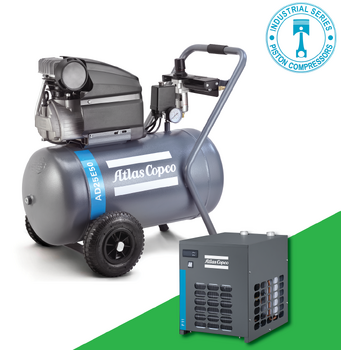 Single Phase Pack Tradesman's 150 LPM  2.5hp (Compressor 50Litre Tank+Dryer +Filter) AD25E50 1129740244-pack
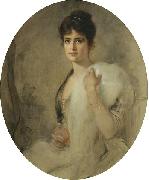 Friedrich August von Kaulbach A portrait of a lady oil painting on canvas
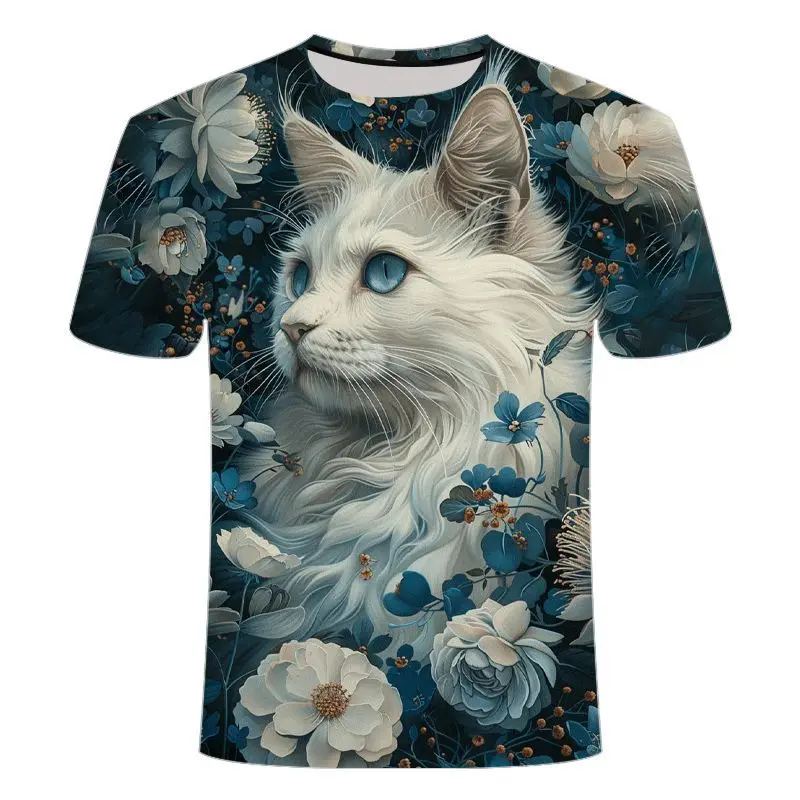 I vestiti estivi più venduti Serie di gatti creatività stampata in 3D con simpatici modelli di animali Maglietta per bambini Camicie da uomo T-shirt da donna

### YOUR INSTRUCTIONS
Retyped exactly, the lines from the one holding "Friedrich August von" through the last line of the data above are the whole answer. Pictures stay out.

### RESPONSE TO THE TASK
 Friedrich August von Kaulbach A portrait of a lady oil painting on canvas
 I vestiti estivi più venduti Serie di gatti creatività stampata in 3D con simpatici modelli di animali Maglietta per bambini Camicie da uomo T-shirt da donna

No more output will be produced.